(Captioned web images)
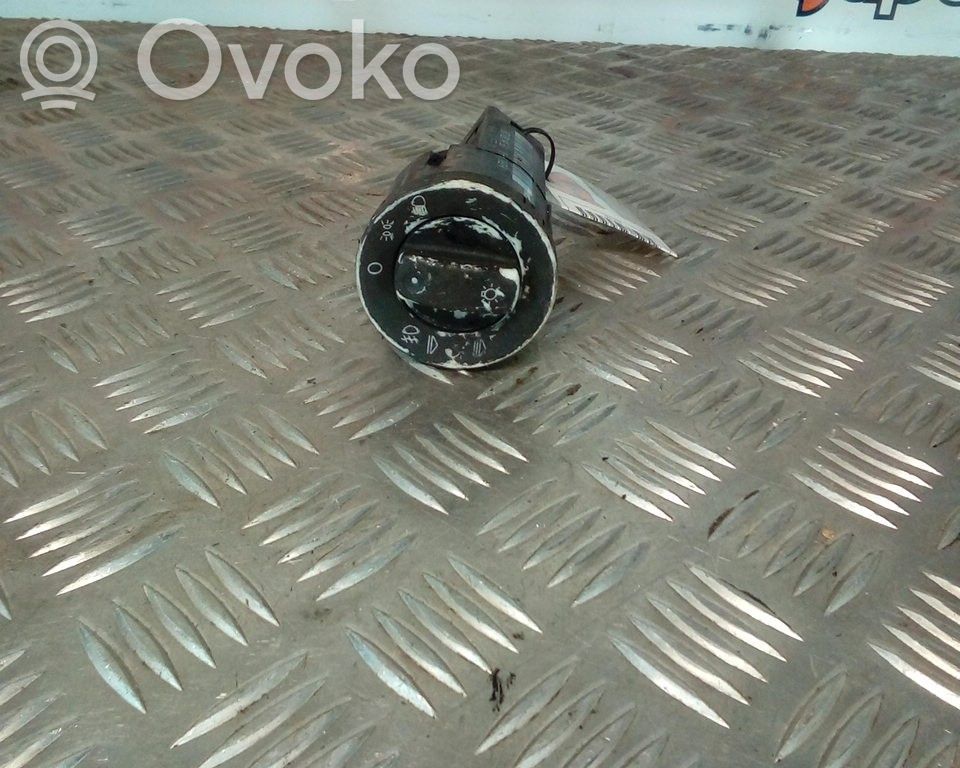 Valokatkaisija   8E0941531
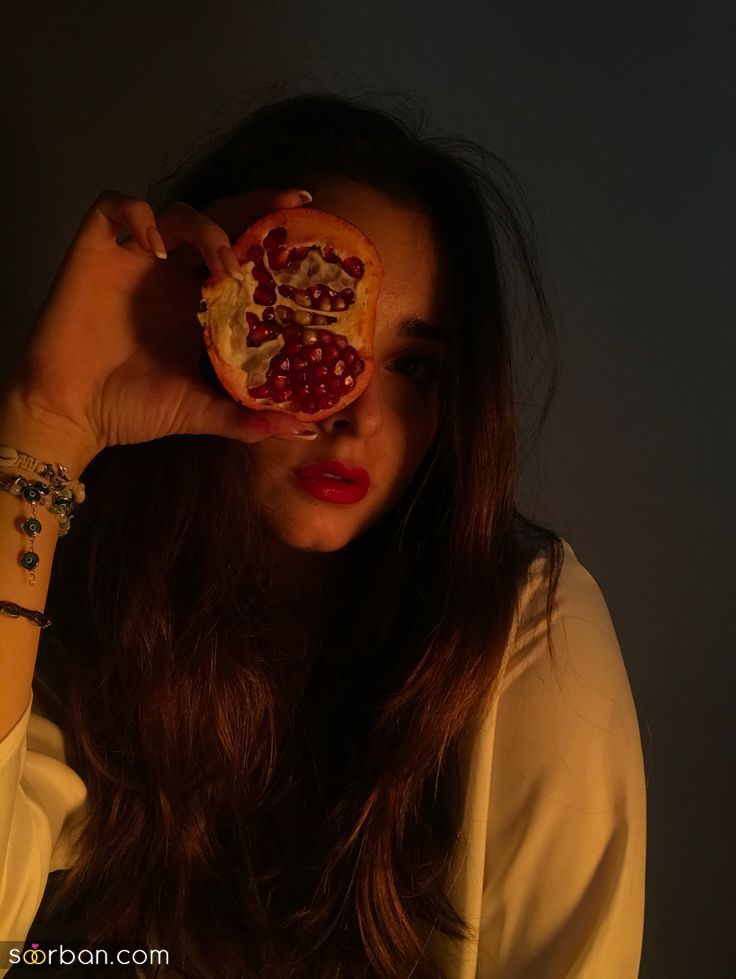 ژست عکاسی شب یلدا 1403 | ایده عکس گرفتن شب یلدا دخترانه - عروس - دونفره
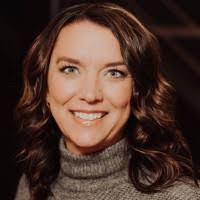 Amy Arwood's Instagram, Twitter & Facebook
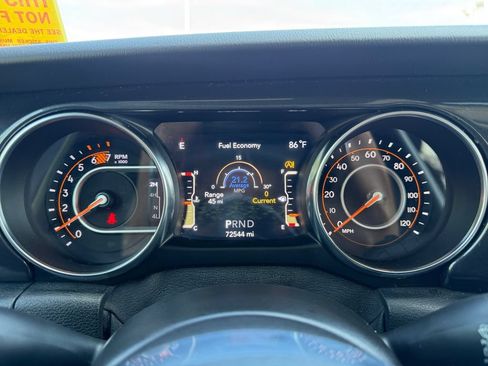 Used 2021 Jeep Wrangler Unlimited Sahara AWD/4WD image 21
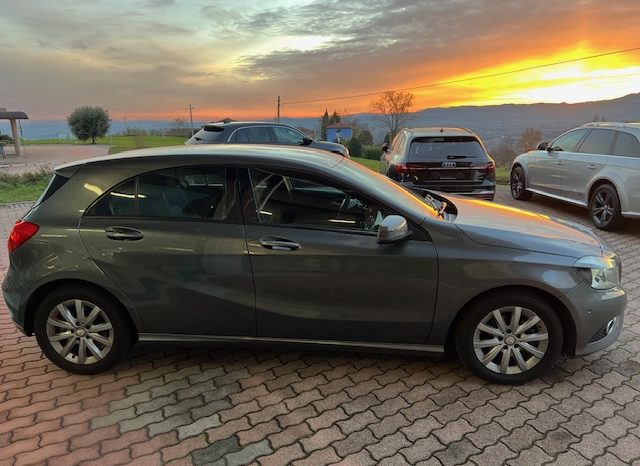 Mercedes-Benz A 180 Navi, Sensori, Bluetooth, Neopatentati full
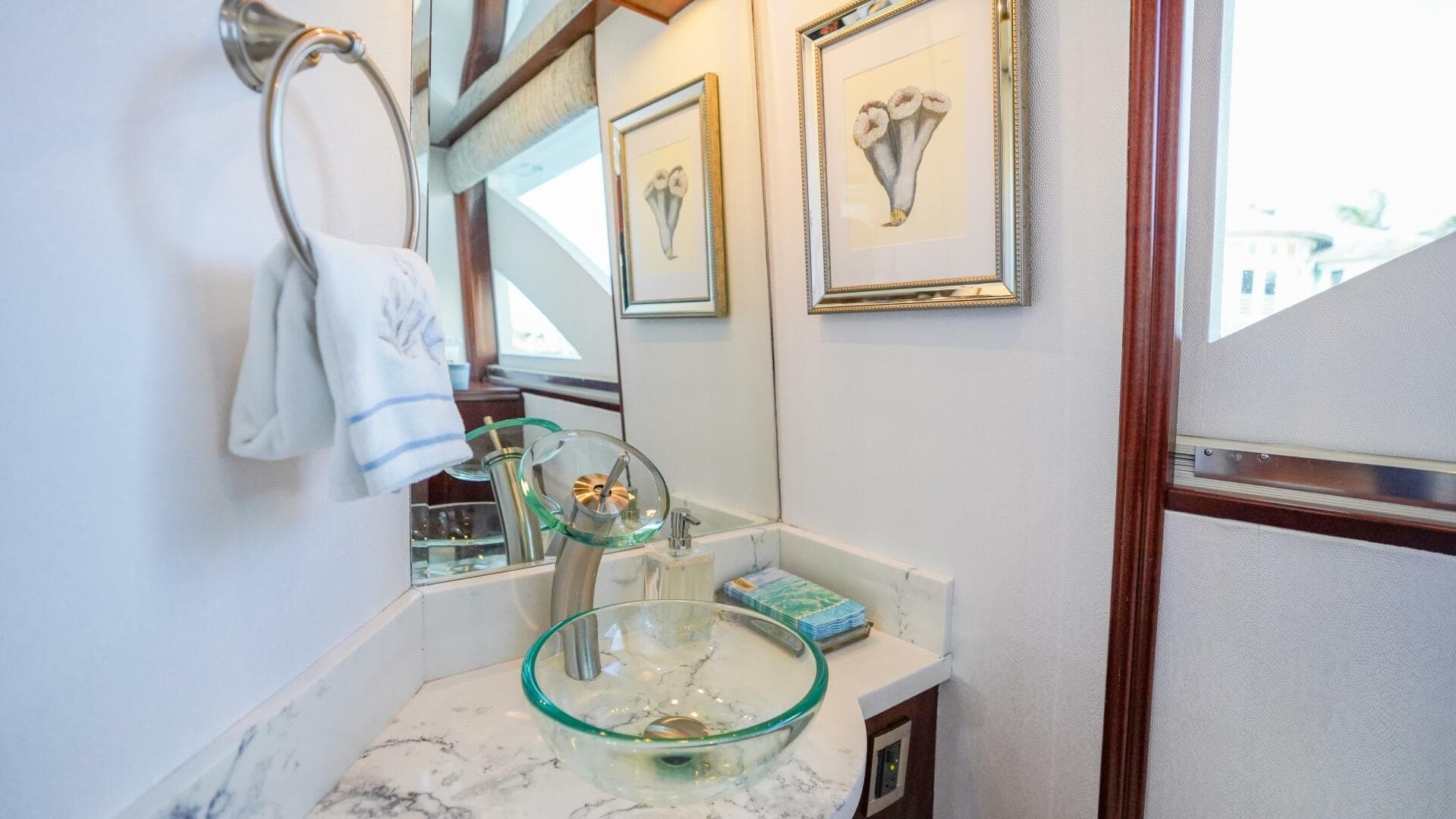 2004 Lazzara Yachts 80 SL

__EXERCISE DETAILS__. Could you reproduce exactly the lines from the one containing "Used 2021 Jeep" through the last line of the records, both included, leaving out the pictures?

__REPLY__.
 Used 2021 Jeep Wrangler Unlimited Sahara AWD/4WD image 21
 Mercedes-Benz A 180 Navi, Sensori, Bluetooth, Neopatentati full
 2004 Lazzara Yachts 80 SL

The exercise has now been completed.